ある試料におけるマーカー、化合物、組成物、若しくは物質の量が、別の試料におけるマーカー、化合物、組成物、若しくは物質の量と、又は対照の値と統計上有意に異なる場合、マーカー、化合物、組成物、若しくは物質は試料において異なって存在する。例えば、化合物が他の試料(例えば対照)におけるよりも少なくともおよそ120%、少なくともおよそ130%、少なくともおよそ150%、少なくともおよそ180%、少なくともおよそ200%、少なくともおよそ300%、少なくともおよそ500%、少なくともおよそ700%、少なくともおよそ900%、若しくは少なくともおよそ1000%多く若しくは少なく存在する場合、又は化合物が1つの試料において検出可能であり他の試料においては検出されない場合、化合物は異なって存在する。

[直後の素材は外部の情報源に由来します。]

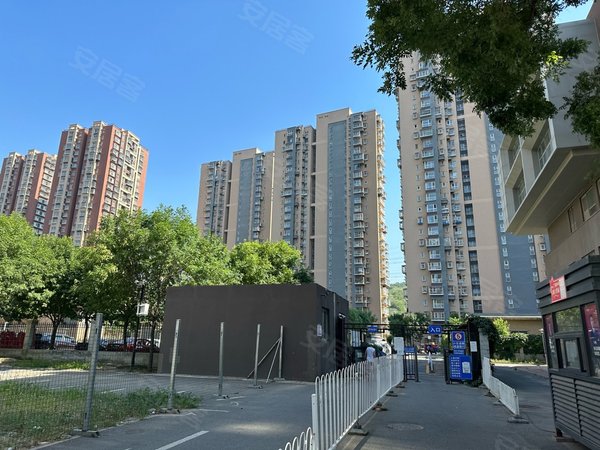 北京门头沟永定紫金新园(三区)紫金三区精装两居室3800紧邻s1直达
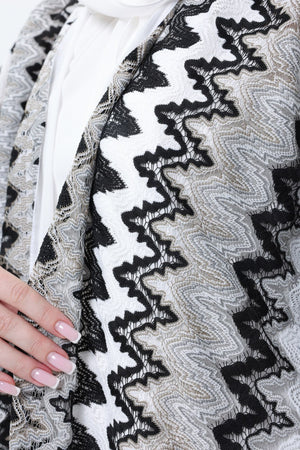 عباية ميسوني أبيض وأسود بتصميم سادة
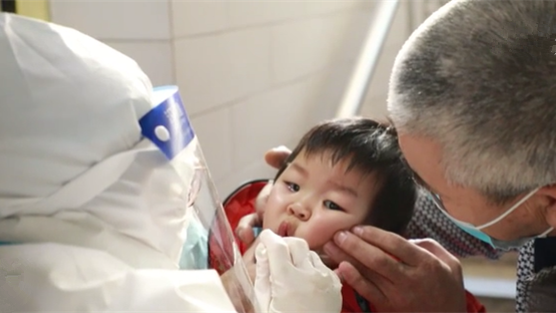 這一跪，謝謝你最美的&ldquo;核酸護士&rdquo;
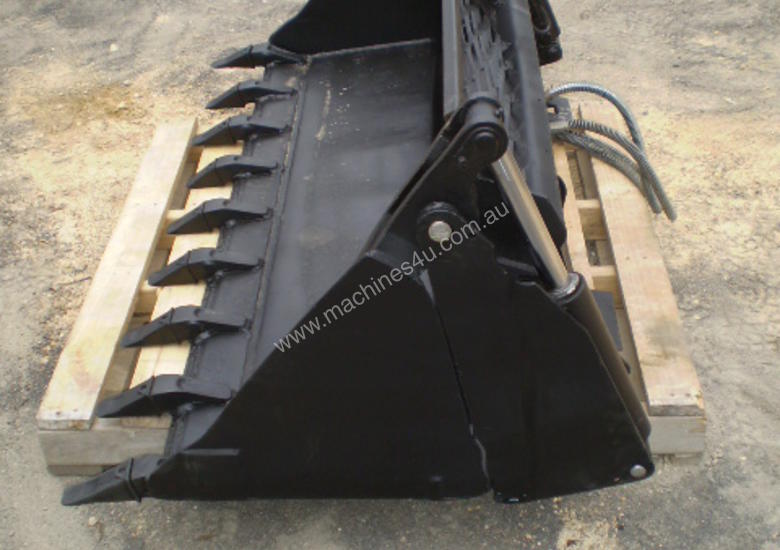 New Bobcat 4 in 1 Bucket Skidsteer Bobcat NEW Skid Steer Buckets in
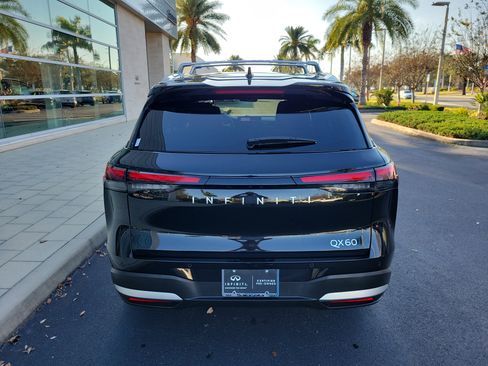 Certified 2026 INFINITI QX60 Luxe w/ Cargo Package image 5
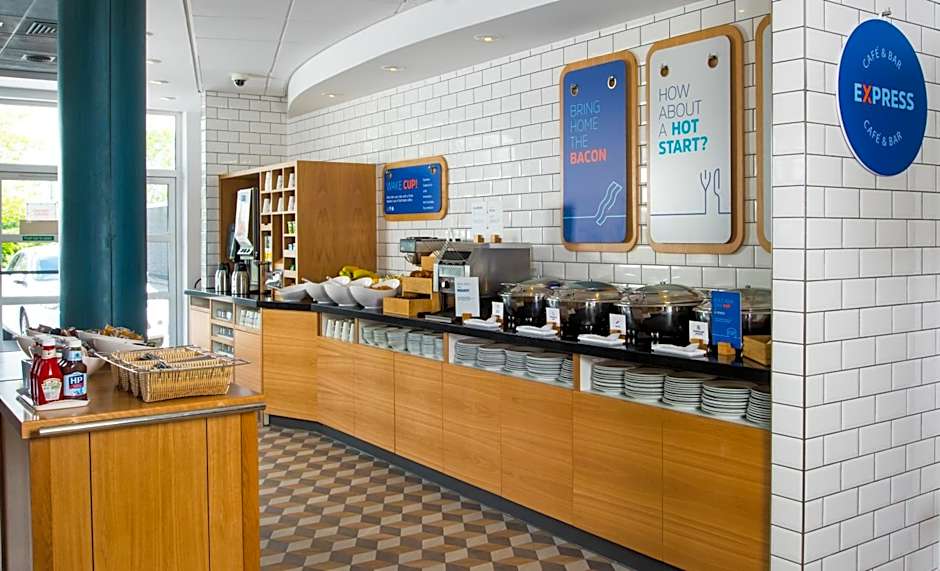 Holiday Inn Express Burton on Trent By IHG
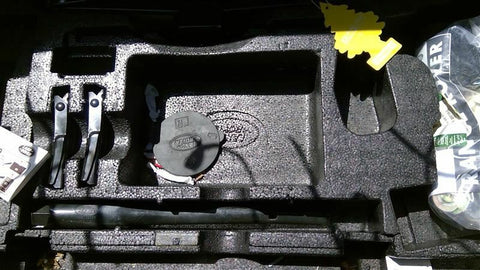 ROVER SPT 2013 Jack 348512 AND TOOLS!0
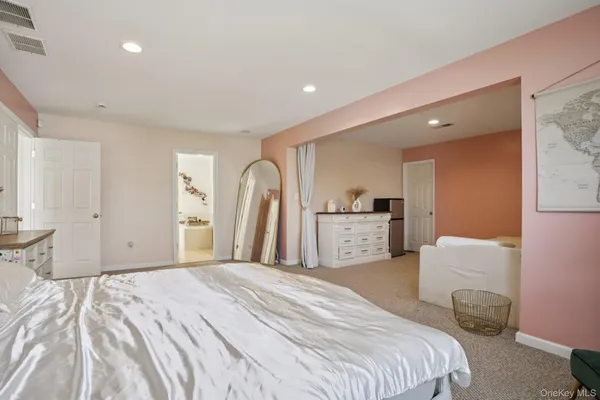 $785,000 | 3015 Molly Pitcher Drive, New Windsor, NY 12553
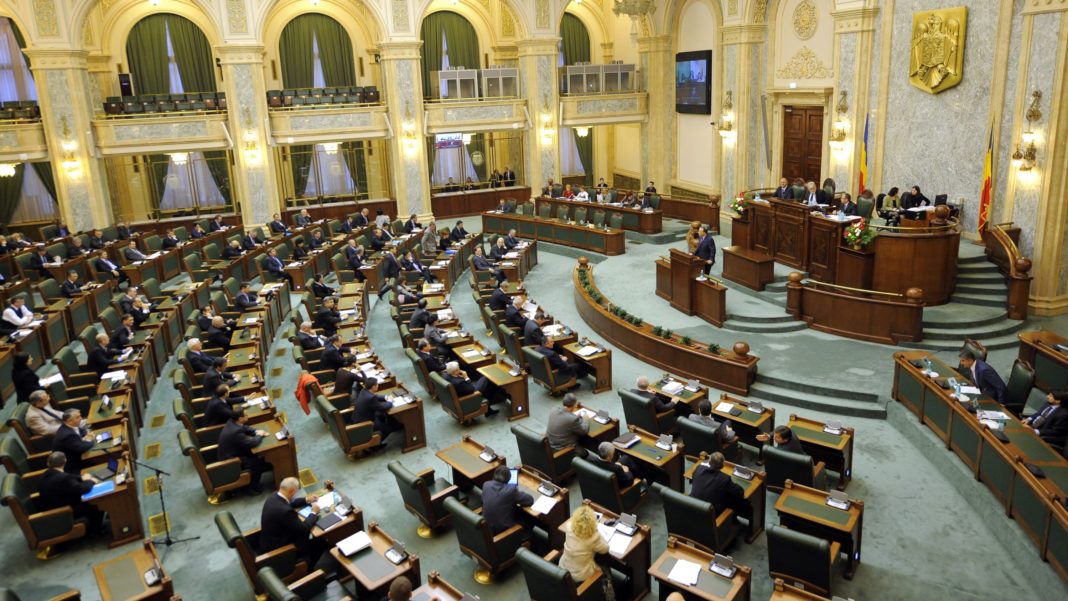 Proiectul de lege care permite Guvernului să emită ordonanțe pe perioada vacanţei parlamentare, respins de Senat
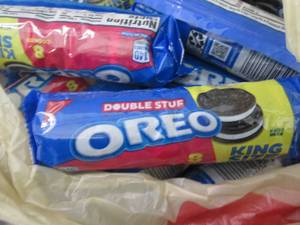 lot 338 image: 12- 4.1 oz Oreos Double Stuf...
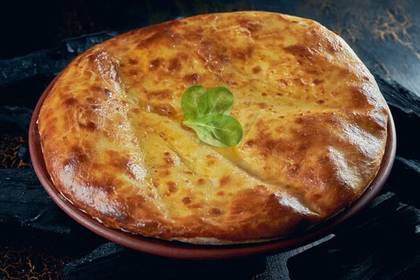 Imeretian Khachapuri with Spinach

或いは、又はそれに加えて、特定の疾患又は障害に罹患している患者の試料におけるマーカー等の検出頻度が、健康な個体から得た対照の試料又は対照の値におけるよりも統計上有意に高いか又は低い場合、マーカー、化合物、組成物、又は物質は、試料間で異なって存在する。例えば、バイオマーカーが1組の試料において他の組の試料よりも少なくともおよそ120%、少なくともおよそ130%、少なくともおよそ150%、少なくともおよそ180%、少なくともおよそ200%、少なくともおよそ300%、少なくともおよそ500%、少なくともおよそ700%、少なくともおよそ900%、又は少なくともおよそ1000%高い頻度で又は低い頻度で見られて検出される場合、バイオマーカーは2組の試料の間で異なって存在する。これらの典型的な値はあるものの、熟練した専門家であれば、マーカーが異なって存在するかどうかを決定するための統計上有意な差異を表すカットオフポイント等を決定することができると予想される。
「診断」は、病態の存在又は性質を同定することを意味し、特定の疾患又は障害を発症する危険性がある患者を同定することを含む。診断方法は感度及び特異性が異なる。診断アッセイの「感度」は、陽性反応を示す、疾患を有する個体のパーセンテージである(「真陽性」のパーセント)。アッセイによって検出されない、疾患を有する個体は、「偽陰性」である。疾患を有しておらず且つアッセイにおいて陰性反応を示す対象は「真陰性」と呼ばれる。診断アッセイの「特異性」は1から偽陽性の比率を差し引いたものであり、「偽陽性」の比率は、疾患を有しておらず陽性反応を示す人の割合として定義される。特定の診断方法によっては状態の確定診断が得られない可能性があるが、診断に役立つ陽性の兆候が前記方法により得られる場合には、前記診断は満足なものである。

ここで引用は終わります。